(Task requirements) Transcribe the listing below in full, exactly, with no images.

(Supplied material)
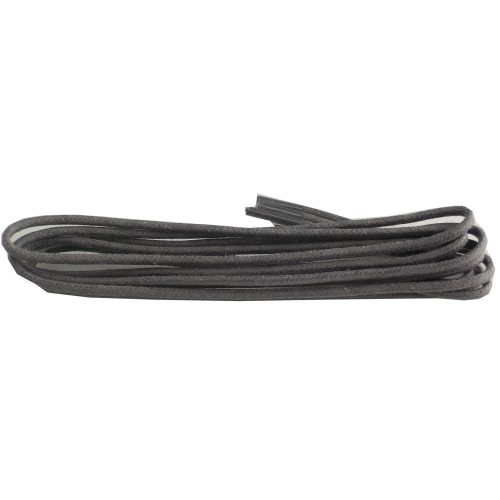 Lacets fins cirés 75cm - Gris taupe Lacets fins cirés 75cm - Gris taupe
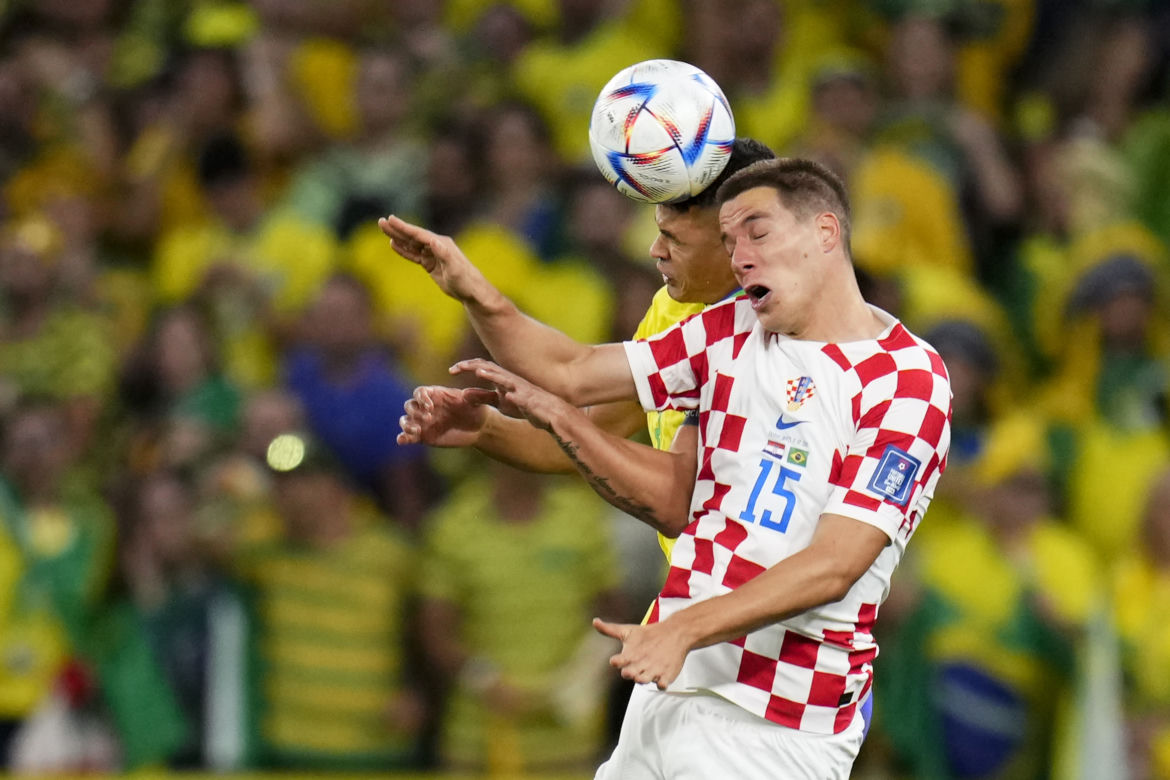 MŚ Qatar 2022. Mecz Chorwacja - Brazylia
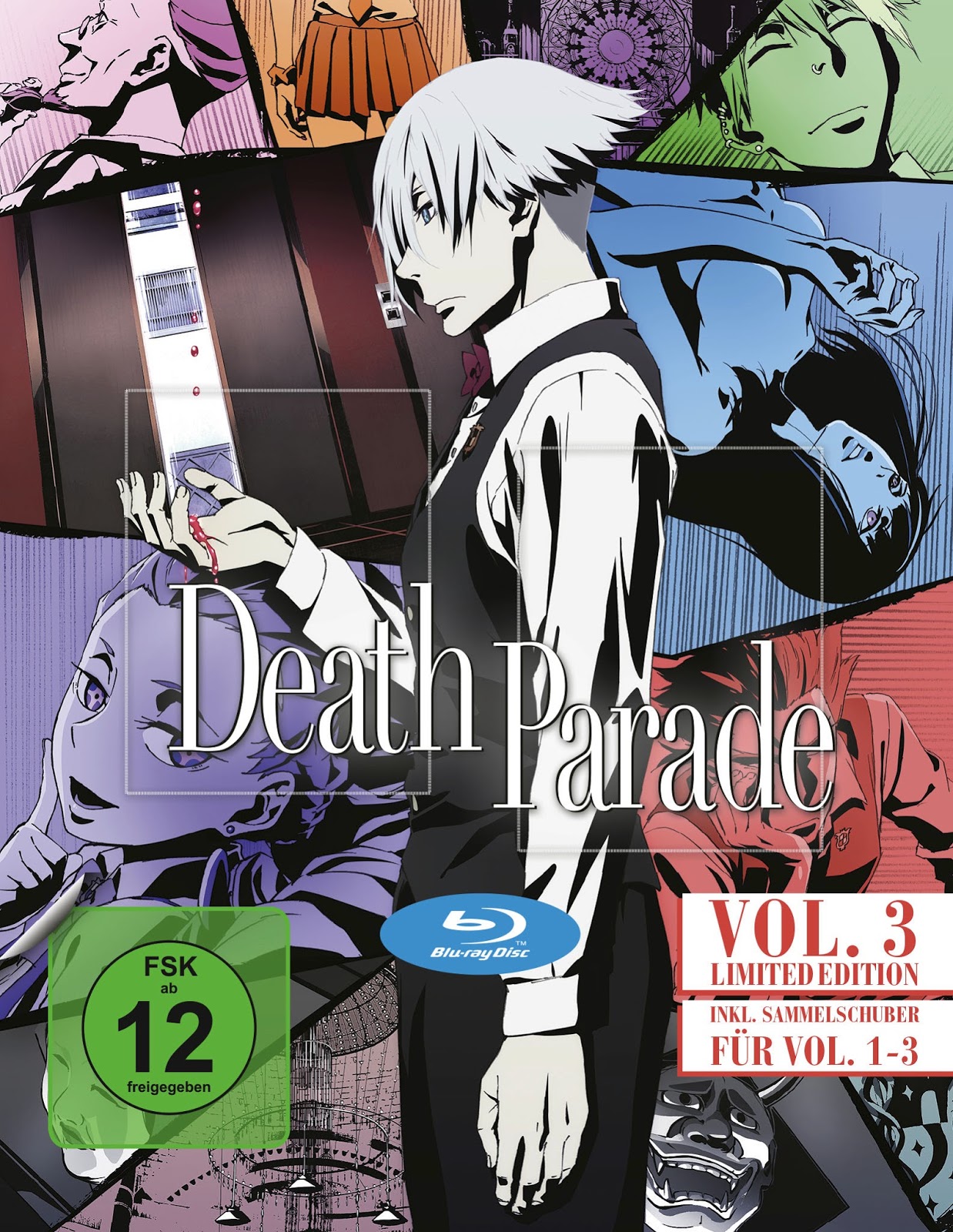 We Love Japan: Review: Death Parade Vol. 3 Blu-ray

(Task solution)
 Lacets fins cirés 75cm - Gris taupe Lacets fins cirés 75cm - Gris taupe
 MŚ Qatar 2022. Mecz Chorwacja - Brazylia
 We Love Japan: Review: Death Parade Vol. 3 Blu-ray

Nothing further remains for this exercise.